Of course it's very easy to just say "Microsoft is evil". It's also fun, try it! But MS evil or no, countless hoards of developers work in Visual Studio daily, using the editor defaults, because, after all, where are these settings anyway? And they enjoy the sheer godly beauty and perfection of tabs at 4, indentation 4 and all is Good and Just in their sight. If only Everyone could share in this beauty and join with them in peace and harmony oh what a wonderful ASCII world it would be.

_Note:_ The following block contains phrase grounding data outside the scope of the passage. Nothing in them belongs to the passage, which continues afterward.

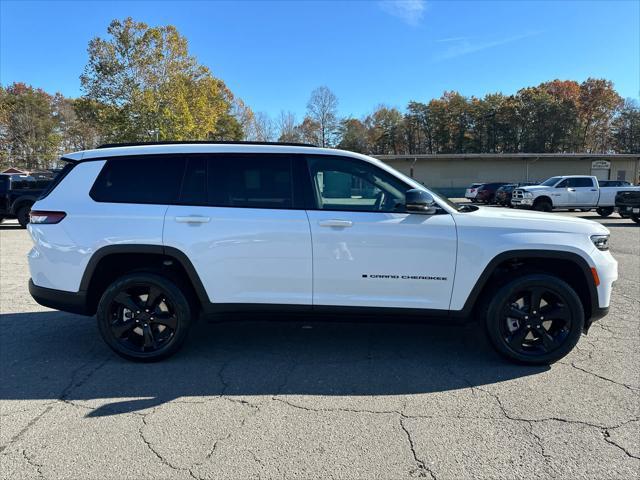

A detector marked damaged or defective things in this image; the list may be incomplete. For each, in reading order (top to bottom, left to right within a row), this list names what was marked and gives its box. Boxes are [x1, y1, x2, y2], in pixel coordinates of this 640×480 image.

cracked asphalt pavement [0, 214, 636, 480] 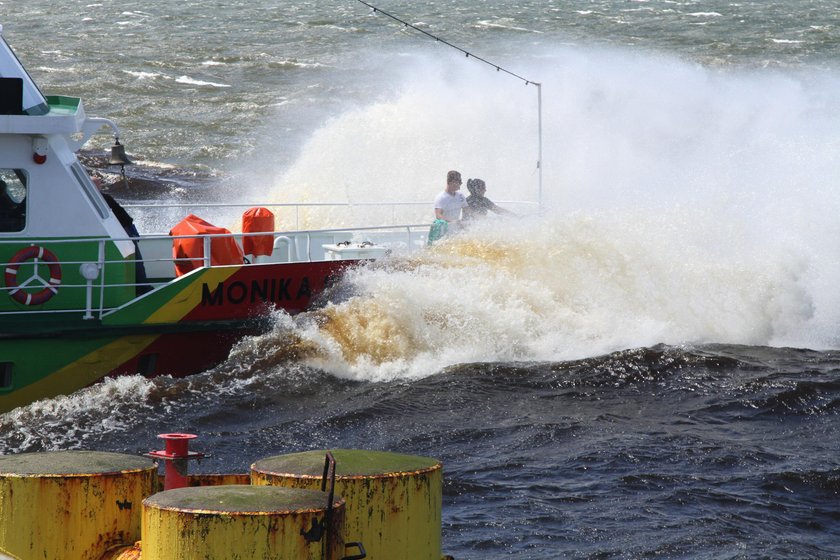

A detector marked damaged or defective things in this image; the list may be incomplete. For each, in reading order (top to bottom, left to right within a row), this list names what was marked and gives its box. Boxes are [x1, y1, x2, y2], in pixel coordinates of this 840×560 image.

rusty yellow bollard [0, 450, 156, 560]
rusty yellow bollard [143, 484, 346, 556]
rusty yellow bollard [253, 448, 442, 560] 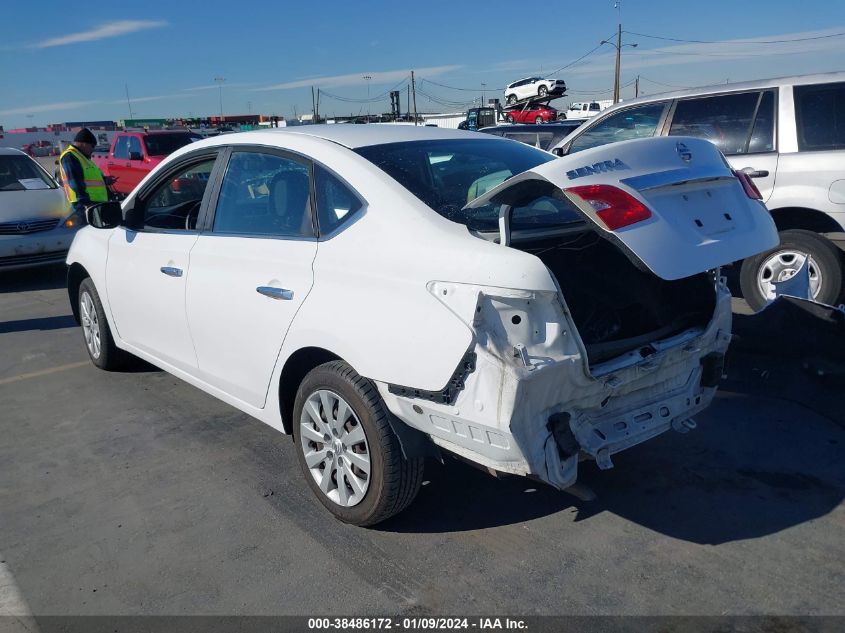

Sadly, for some reason there remain hundreds—perhaps thousands—of developers who simply refuse to do all their work in Visual Studio. I can't explain why this is, but they are stubborn. More often than not these troublemakers will not have tabstop set to 4 in their editors. They might even have their editor set to insert spaces instead of ASCII 9 codes. In fact, it turns out in the end that the only way to defeat Satan's tabs-at-8 trickery is precisely to set your editor to never allow those Code 9's into your file in the first place! Replace tabs with spaces. ASCII code 32 is, after all, the only unambiguous sort of space you can put in an ASCII file.
Still, if you are fortunate enough to live in a 100% Pure Microsoft Development World—and you never code in Python—then you are free to retain the myriad and compelling benefits of tabs 4, indent 4, keep tabs. It's a lovely thing and I'm sure you will be very happy, and you'll barely hear Satan laughing if you plug your ears and go la-la-la-la-la. Everyone else will have to suffer with Insert spaces, with whatever indentation is suitable for the language they happen to be using. And they'll survive. Just please be nice and don't touch their code.
One final thing. It pains me but I am compelled to mention the one glaring exception to the No ASCII Code 9's rule: Makefiles. The Makefile grammar specifically requires that ASCII Code 9 be used to introduce command lines; spaces simply will not do. As wikipedia gently states: "This aspect of the syntax of makefiles is often subject to criticism." Count me in on that.
Maybe later we can explore end-of-line characters.